What’s the benefit to a fractional CFO, and how do I know if I need a FT or PT one?
It is recognised that 99% of businesses in the UK with a turnover below £50m, do not require a full-time Finance Director to achieve their strategic goals. Often full time CFO’s within these businesses find themselves doing non-CFO work (finance control work, IT, HR). This is hugely costly to the business. A fractional CFO allows a business or organisation maximum benefits to a business without the costs of a full time CFO. It’s a very cost-efficient way of accessing a superstar CFO without the full time cost. The savings to a business can be enormous (>£100k pa) If you think hiring a superstar fraction CFO is expensive, try hiring an average full time and seeing the value difference…
What’s the difference between a fractional, part-time CFO, interim, external, outsourced FD?
They’re all the same!
When should a company hire a fractional CFO? How do I know if we’re ready?
As soon as possible! We help businesses at all stages, whether that’s a pre-revenue startup, rapid growth, scaling up, cash-flow issues, to successful exit. We have highly successful CFO’s who have stellar backgrounds at all these stages waiting to help.
Can they help raise significant funding and or investment for the business?

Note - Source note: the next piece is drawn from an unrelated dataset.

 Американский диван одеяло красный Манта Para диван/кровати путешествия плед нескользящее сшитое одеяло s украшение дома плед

Yes, they have a unique approach around building a proposition for a funder and taking the funding project right through to conclusion.

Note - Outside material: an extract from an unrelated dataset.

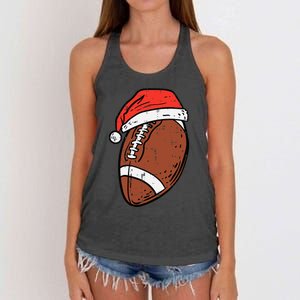 American Football Santa Hat Sports Christmas Xmas Women's Knotted Racerback Tank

Can a fractional CFO help with scaling?
Yes, they will be advising on every element of the business that can be strengthened to grow the business.
Can a fractional CFO help with exiting/sale?
Yes, typically a CFO will stay with the business right through the whole process, concluding when the money is in the back. To ensure continuity they can also stay on under the new ownership.
Will the CFO’s be qualified?
Yes.
Do they work remotely or in our offices?
They can be flexible as to your needs, working either in the offices or at home or a combination of both.
Do they typically attend board meetings?
Yes, they usually attend, and quite often chair or lead the meeting.
Can a CFO help bring AI automation into the finance team/throughout the business?
Yes, our leaders will be working to ensure the most efficient technology systems are running throughout the business.